Start of Block
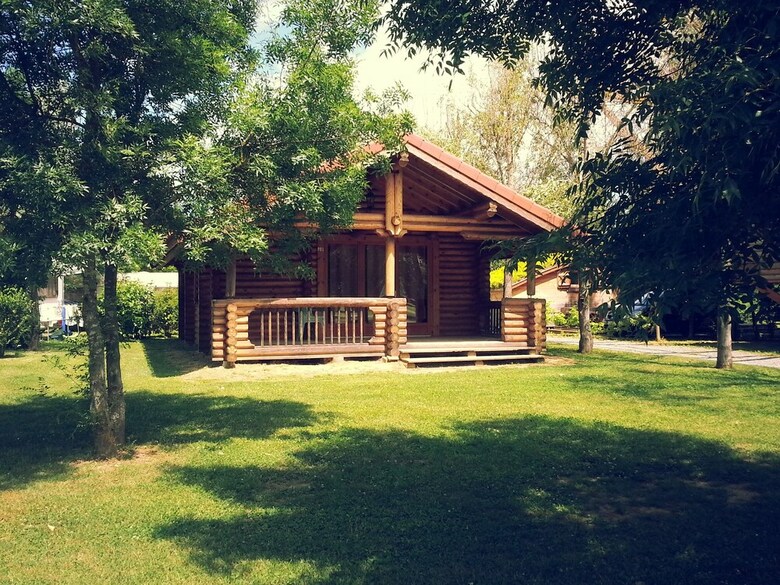 Camping Les Portes Du Beaujolais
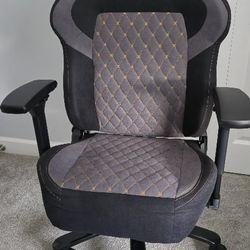 Office or Gaming Chsir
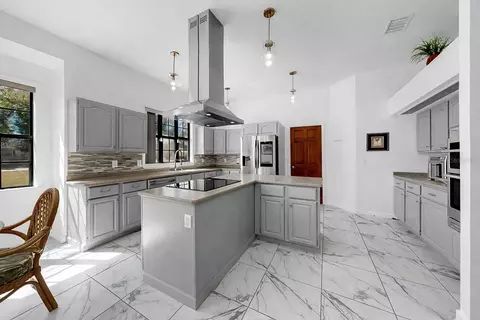 Kitchen - 13607 2nd Ave E, Bradenton, FL 34212 photo 7 of 14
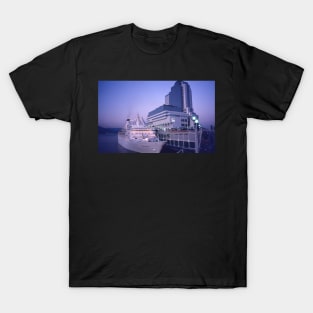 Vancouver Harbor . T-Shirt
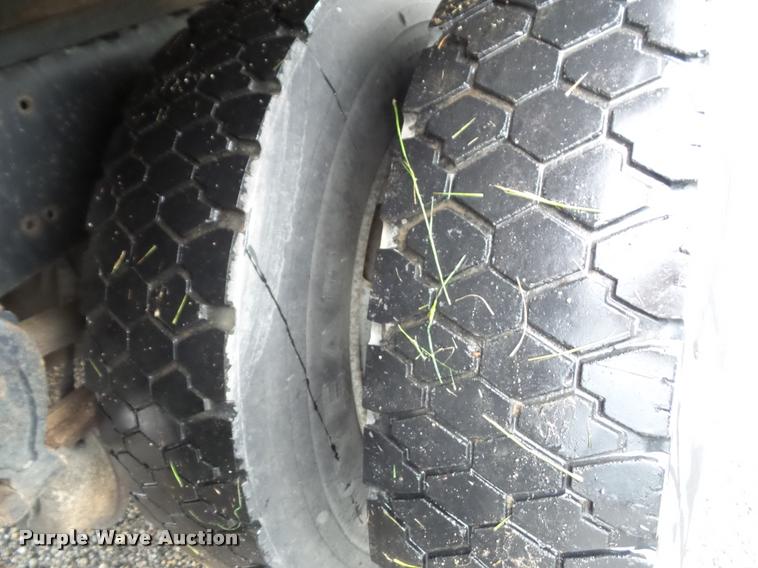 image for item K3680 2005 GMC C7500 box truck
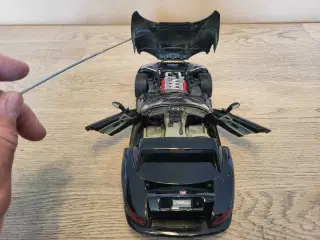 Modelbil: VIPER RT/10 DODGE 1992.  Skala 1/18.
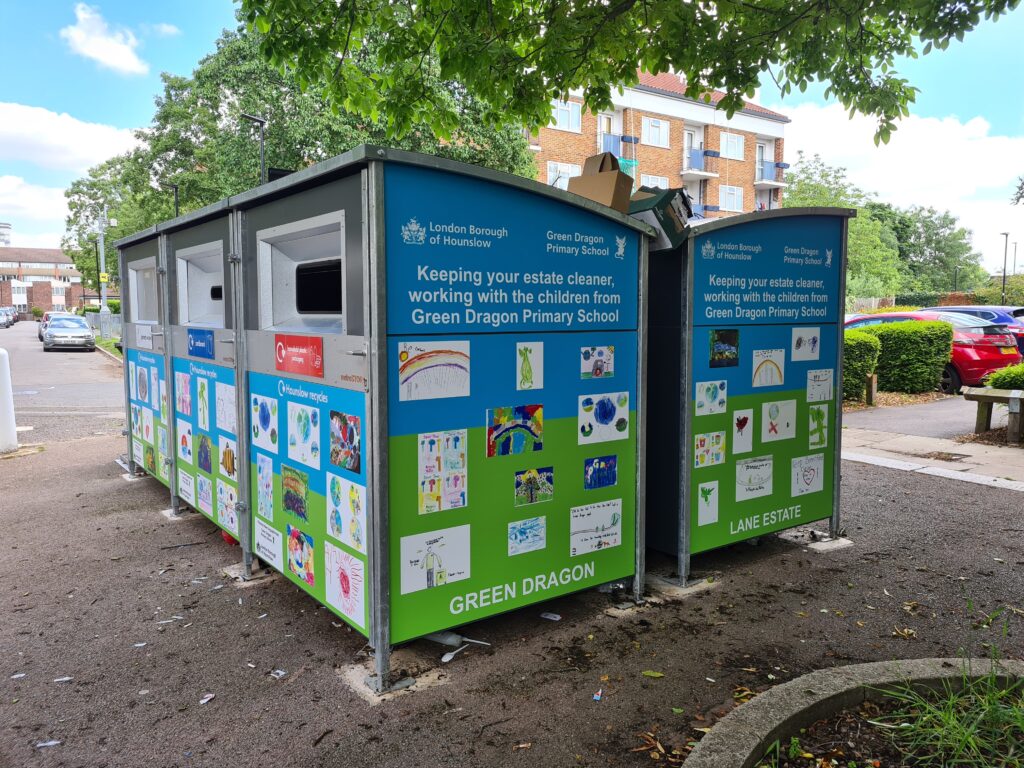 Educational display promoting community cleanliness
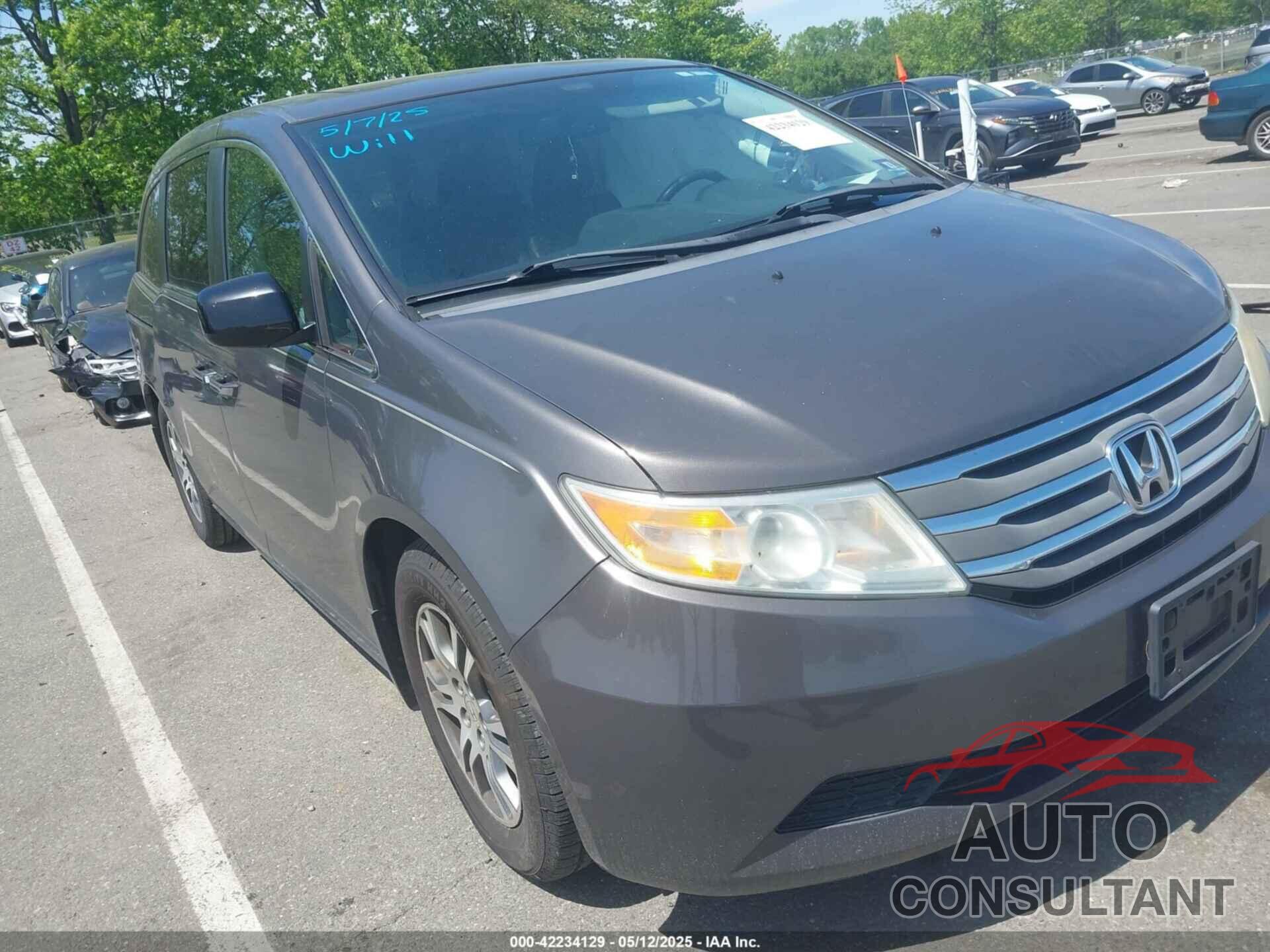 HONDA ODYSSEY 2013 - 5FNRL5H62DB007091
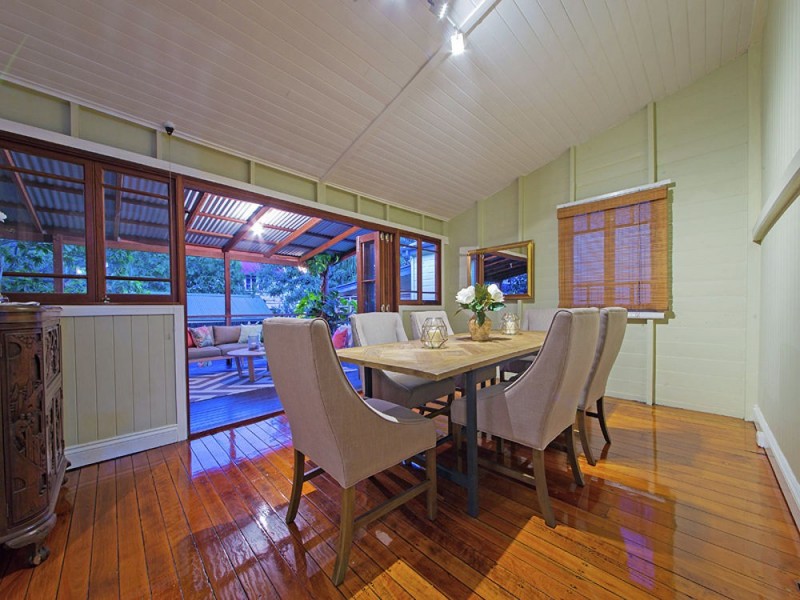 564 Vulture Street East, East Brisbane QLD 4169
End of Block
▶ WHAT THE TASK ASKS
Where pictures appear, drop them, and reproduce exactly only the lines running from the beginning of the data to the line that contains "Modelbil: VIPER RT/10", inclusive.

▶ TASK OUTPUT
 Camping Les Portes Du Beaujolais
 Office or Gaming Chsir
 Kitchen - 13607 2nd Ave E, Bradenton, FL 34212 photo 7 of 14
 Vancouver Harbor . T-Shirt
 image for item K3680 2005 GMC C7500 box truck
 Modelbil: VIPER RT/10 DODGE 1992.  Skala 1/18.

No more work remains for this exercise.